[PROBLEM]: Please retype the listing below exactly as it stands, skipping any pictures.

::::

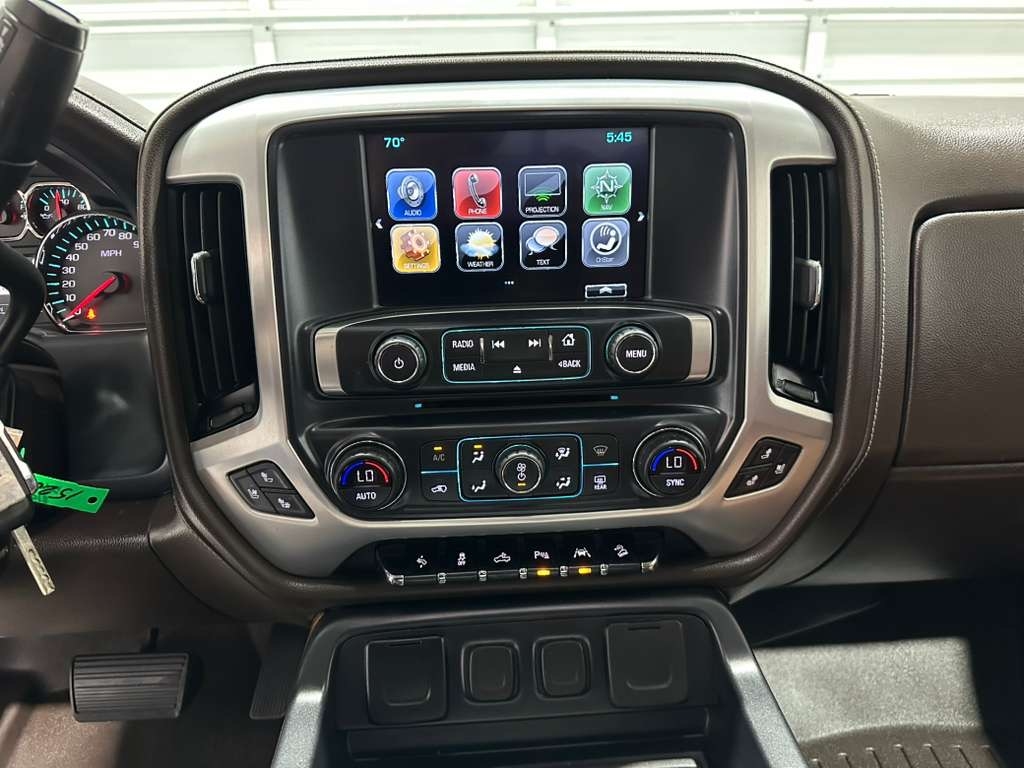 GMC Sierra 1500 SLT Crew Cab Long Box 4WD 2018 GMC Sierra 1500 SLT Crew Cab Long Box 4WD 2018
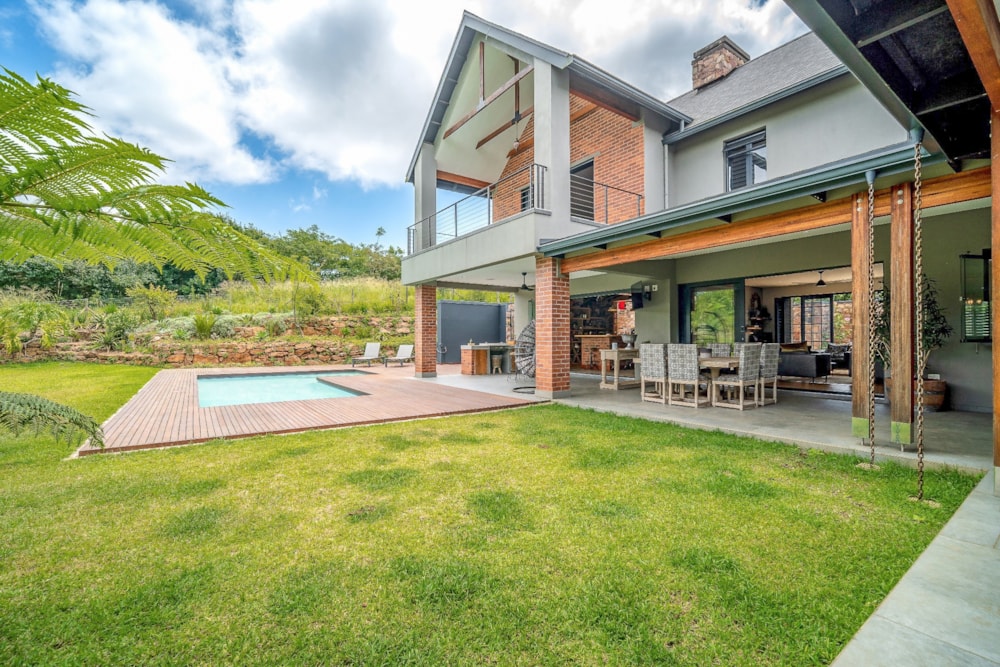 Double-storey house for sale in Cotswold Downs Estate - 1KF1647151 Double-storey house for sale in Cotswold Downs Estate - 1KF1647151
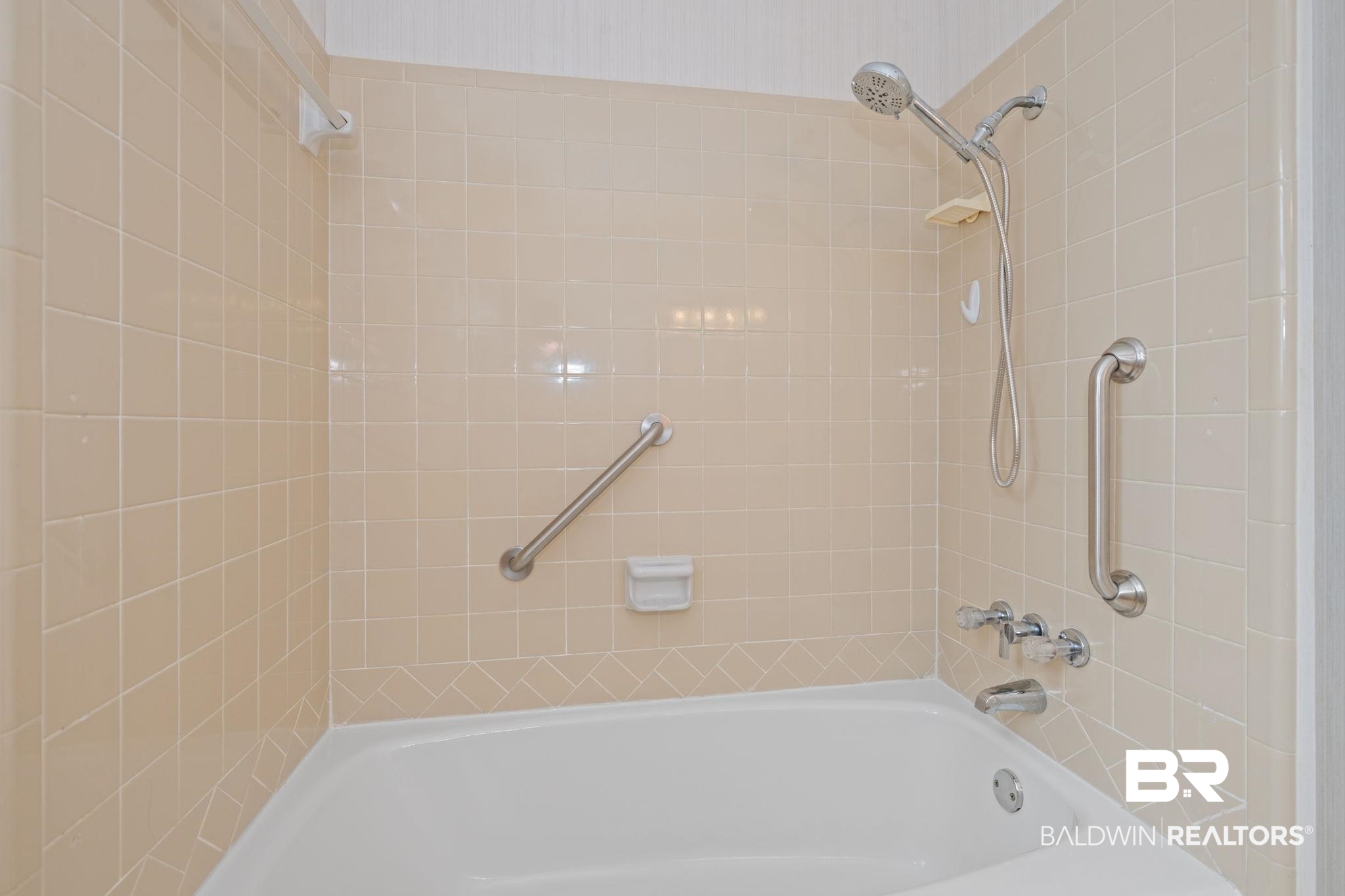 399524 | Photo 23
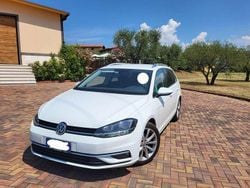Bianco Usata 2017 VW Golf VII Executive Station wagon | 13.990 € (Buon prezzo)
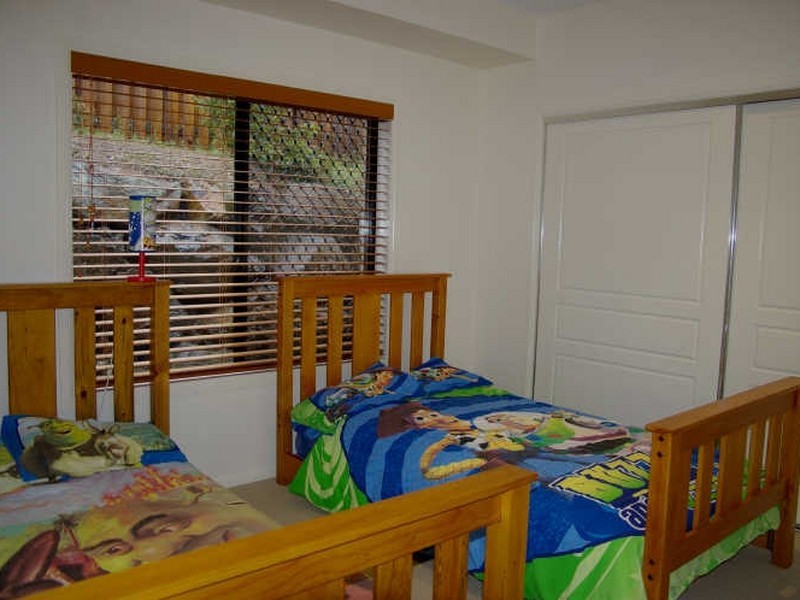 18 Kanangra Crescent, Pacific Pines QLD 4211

::::

[TASK SOLUTION]:
 GMC Sierra 1500 SLT Crew Cab Long Box 4WD 2018 GMC Sierra 1500 SLT Crew Cab Long Box 4WD 2018
 Double-storey house for sale in Cotswold Downs Estate - 1KF1647151 Double-storey house for sale in Cotswold Downs Estate - 1KF1647151
 399524 | Photo 23
Bianco Usata 2017 VW Golf VII Executive Station wagon | 13.990 € (Buon prezzo)
 18 Kanangra Crescent, Pacific Pines QLD 4211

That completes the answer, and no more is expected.